This also never used to be a problem. @michaelpj - did something change?

kozross avatar Jul 06 '22 00:07 kozross

I'm getting line-length related blowups here.

The line length check is new. We had it in editorconfig before, but now it's enforced. Indeed, stylish-haskell does not fix it, you have to do it yourself.

We're going to try and ratchet towards general conformance, but a lot of files are ignored. I would be fine with you including your files in that, just add -- editorconfig-checker-disable-file to the top of the file.

I'm also getting utterly bizarre linker errors on MinGW

That looks like you're building GHC. Which looks like it's because you've updated both haskell.nix and nixpkgs :o Please don't do that, it's a big deal and will result in GHC rebuilds and the rest of the world. Also they're not guaranteed to go through, especially since you've probably just pulled in the tip of nixpkgs-unstable!

michaelpj avatar Jul 06 '22 09:07 michaelpj

@michaelpj - the problem with the line length check is that stylish-haskell actively works against me. For example, consider this (overlong) import in Bitwise.hs:

import Data.Bits (FiniteBits, bit, complement, popCount, rotate, shift, shiftL, xor, zeroBits, (.&.), (.|.))

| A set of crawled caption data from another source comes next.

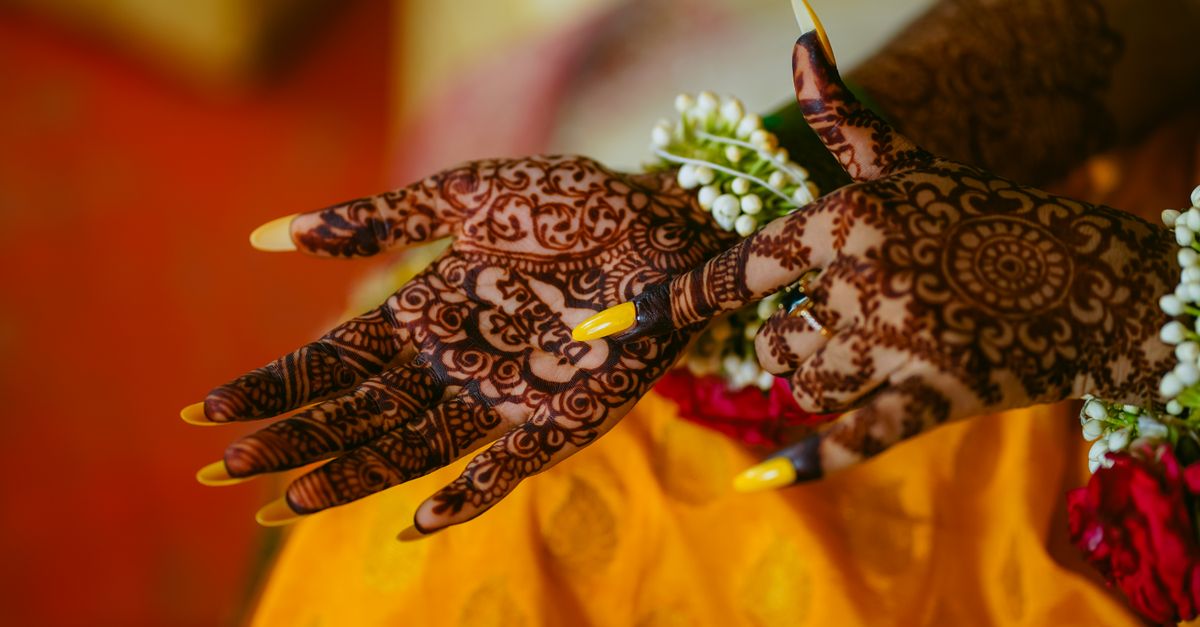 Detailed henna on a bride's hands at a mehndi night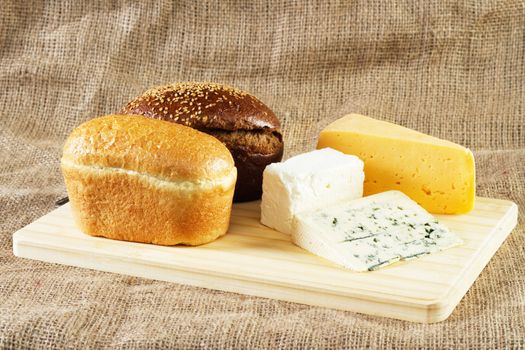 Bread and cheese on cloth background, studio photo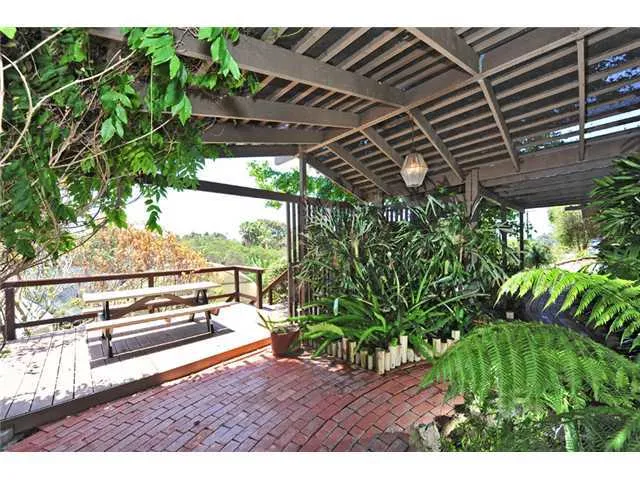 There is a deck with a view just off the tropical front entry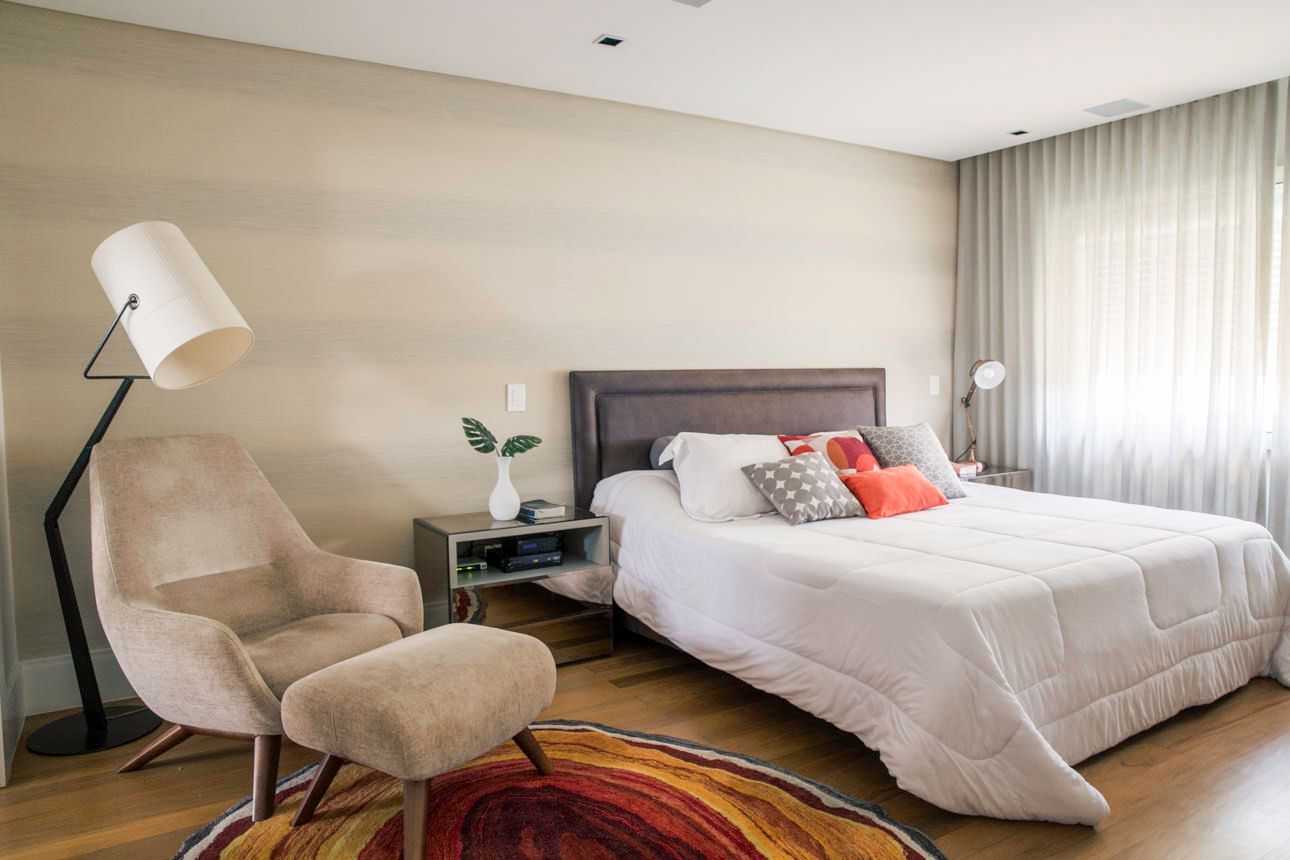 Quarto luminoso com uma cama grande, poltrona bege, luminária de chão e cortinas translúcidas junto à janela.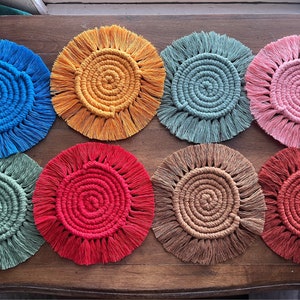 May include: Eight colorful crocheted coasters with fringe. The coasters are in shades of blue, orange, green, pink, red, and brown.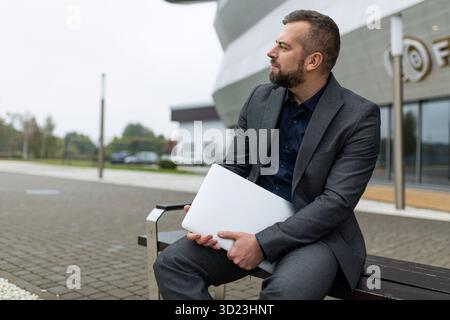 Porträt eines erfolgreichen, reiferen Geschäftsmannes mit Laptop, der neben dem Bürogebäude sitzt Stockfoto
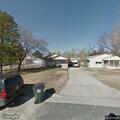 Police check open door during welfare visit at residence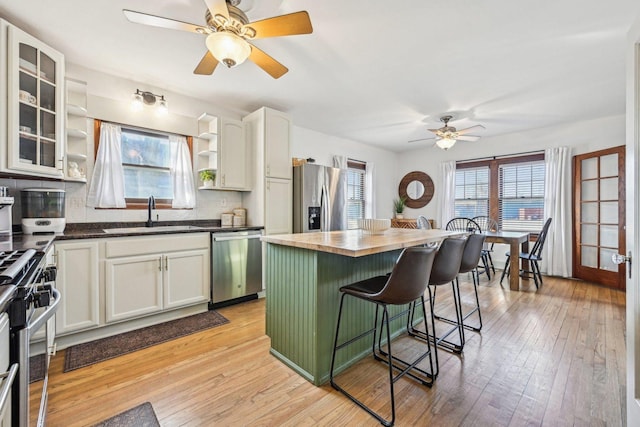 kitchen with butcher block counters, a kitchen breakfast bar, stainless steel appliances, open shelves, and a sink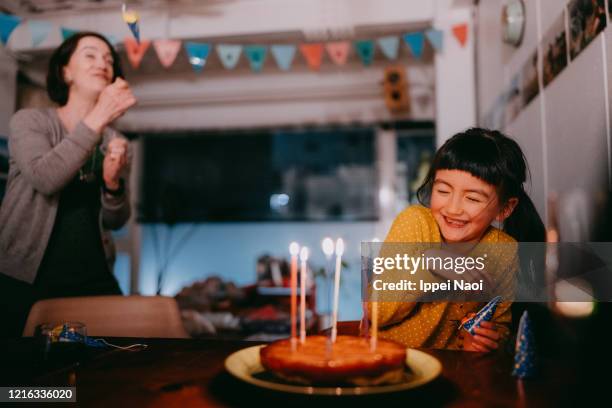 young girl surprised with party popper at her birthday party - surprise birthday party stock pictures, royalty-free photos & images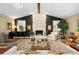 Living room with stone fireplace, tall ceilings, and abundant natural light at 1025 Royal Troon Ct, Tarpon Springs, FL 34688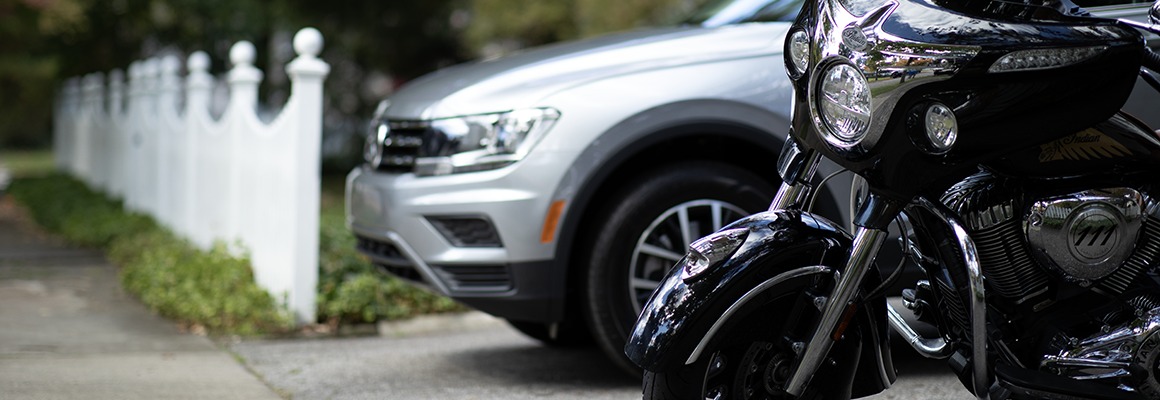 A silver SUV and a black motorcycle sit in a driveway next to a white picket fence.
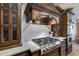 Stylish kitchen featuring a stainless steel gas cooktop, custom cabinetry, and white subway tile backsplash at 16437 N 61St Ave, Glendale, AZ 85306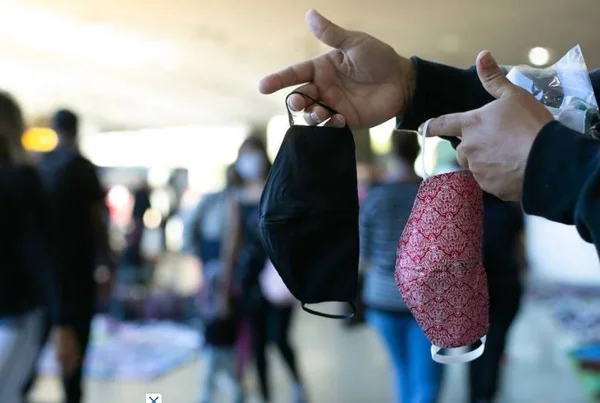 Mão segurando máscaras e pessoas passando ao fundo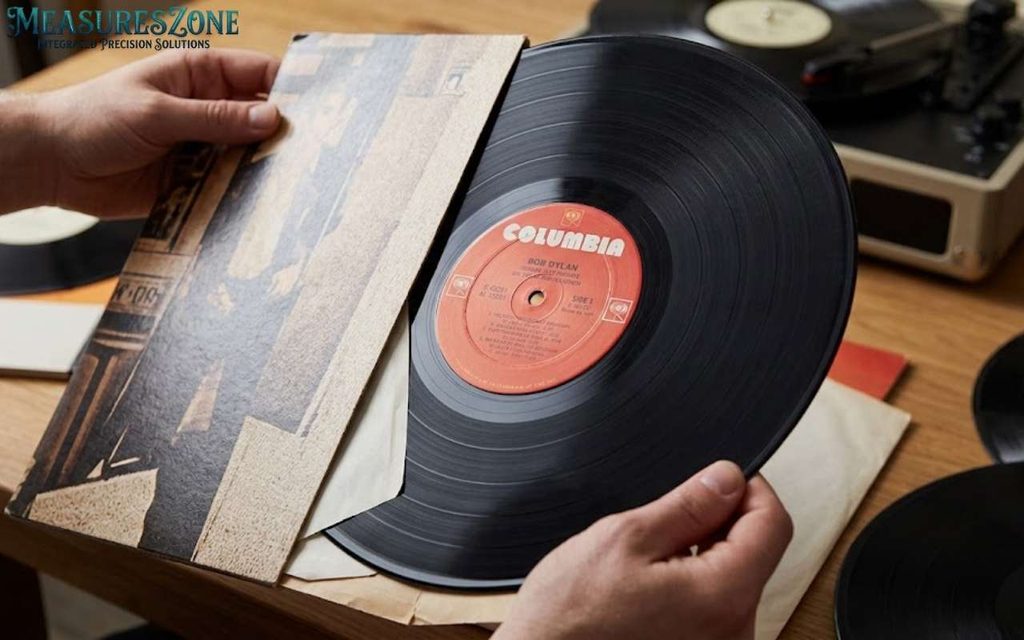 12-inch Bob Dylan vinyl record with a red Columbia label.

This is over 100 characters wide. If I reformat it to this (which is within an 80-character width limit):

import Data.Bits (
  FiniteBits, bit, complement, popCount, rotate, shift, shiftL, xor, zeroBits, 
  (.&.), (.|.)
  )

When I run fix-stylish-haskell, I get this again:

import Data.Bits (FiniteBits, bit, complement, popCount, rotate, shift, shiftL, xor, zeroBits, (.&.), (.|.))

This is fundamentally a problem with stylish-haskell; not only can it not break overlong lines, it actively works against you if you try. This is one of the (many!) reasons it is a suboptimal code styling tool.

I can certainly ignore the checker as you suggested, but this is a lurking problem that won't go away.

kozross avatar Jul 06 '22 21:07 kozross

Hi, I am excited to see these builtins in plutus. I wondered what the current status is of the path to active on this CIP? Is this on track for the next HF? I see that @kozross checked all the boxes of the implementation, when is the right time to merge this? I assume that the costing still has to be done?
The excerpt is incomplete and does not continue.